While the original purpose of Indoor Survey was to create maps for use with Apple’s “iBeacon” Bluetooth-enabled fixtures, it’s not difficult to see how this could also tie into the more sophisticated indoor navigation systems that are rumoured to be coming to Apple’s slate of 2019 iPhones.

Indoor Positioning using iBeacons

Standard outdoor navigation, such as finding directions on the road, rely on the Global Satellite Positioning (GPS) system, which, as the name implies, uses satellites. Sadly, while GPS works pretty well outdoors — and Apple has taken steps to augment its accuracy even further with cellular and Wi-Fi positioning — it’s generally difficult, if not impossible, to get a fix on GPS satellites when you don’t have a clear, unobstructed line of sight to the sky.

When indoors, your iPhone will instead fall back to Wi-Fi positioning — checking the strength of nearby Wi-Fi access points in order to gauge your approximate location. However, this doesn’t offer any real degree of accuracy; nearby Wi-Fi access points might be able to tell you that you’re inside a mall, for example, and perhaps even which end of the mall you’re at, but they won’t often be enough by themselves to tell you what store you’re standing in front of, and definitely can’t navigate you to a specific place.

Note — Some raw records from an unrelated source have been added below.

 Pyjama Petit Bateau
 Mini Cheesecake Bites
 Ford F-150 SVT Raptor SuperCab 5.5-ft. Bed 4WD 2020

Apple’s original answer to this was in the form of iBeacons — sets of Bluetooth beacons that would help pin down a user’s position more precisely. Since Bluetooth has lower range than Wi-Fi, it’s easier for your iPhone to figure out where it is by looking at which beacons are in range. The downside to iBeacons, of course, is that venues have to take the trouble to install them, and then use Apple’s Indoor Survey app to actually walk around their venue to collect data that can be used to build a map of where the beacons are located. It’s an inefficient and expensive process, and it requires a level of commitment on the part of business owners that many understandably can’t be bothered with.

Indoor Navigation

Not surprisingly, it looks like Apple has a bigger and better plan up its sleeve, with rumours that it’s equipping its 2019 iPhones for full indoor navigation — features that would not just allow your iPhone to figure out where you are, but also provide enough data to actually take you, step-by-step, from point A to point B.

The feature is based on a new technology called Ultra-wideband (UWB), which is a short-range radio infrastructure that’s specifically designed for precise indoor positioning to make up for the lack of GPS coverage. UWB, when properly deployed, promises a complete blanket of coverage everywhere in the store, with no dependency on strategically placing individual beacons or other transmitters around the store itself. Even better, it can peg your location down to a four-inch radius.

While this year’s iPhone would only provide half of the puzzle in the form of UWB receivers, requiring actual venue operators to install the necessary transmitters, it’s easy to see how this is an “if-you-build-it-they-will-come” scenario — once there are millions of iPhones in users’ hands capable of using UWB indoor navigation, this will kickstart business owners to start deploying the technology, in much the same way that contactless payments took off in the U.S. after the launch of Apple Pay.

The Indoor Survey app

While the newly updated Indoor Survey app doesn’t make any specific mention of UWB, of course, the fact that Apple is giving it such a big update only weeks before it’s expected to release new UWB-equipped iPhones seems like more than a coincidence, and in the very least signals a bigger push into indoor positioning on Apple’s part. The new version not only sports an entirely new design that will make it faster and easier to use, coaching users through the process, but also now offers the ability to add map notes, and opens up support for the more open Indoor Mapping Data Format (IMDF) that should allow data to more easily be exchanged with other indoor location apps.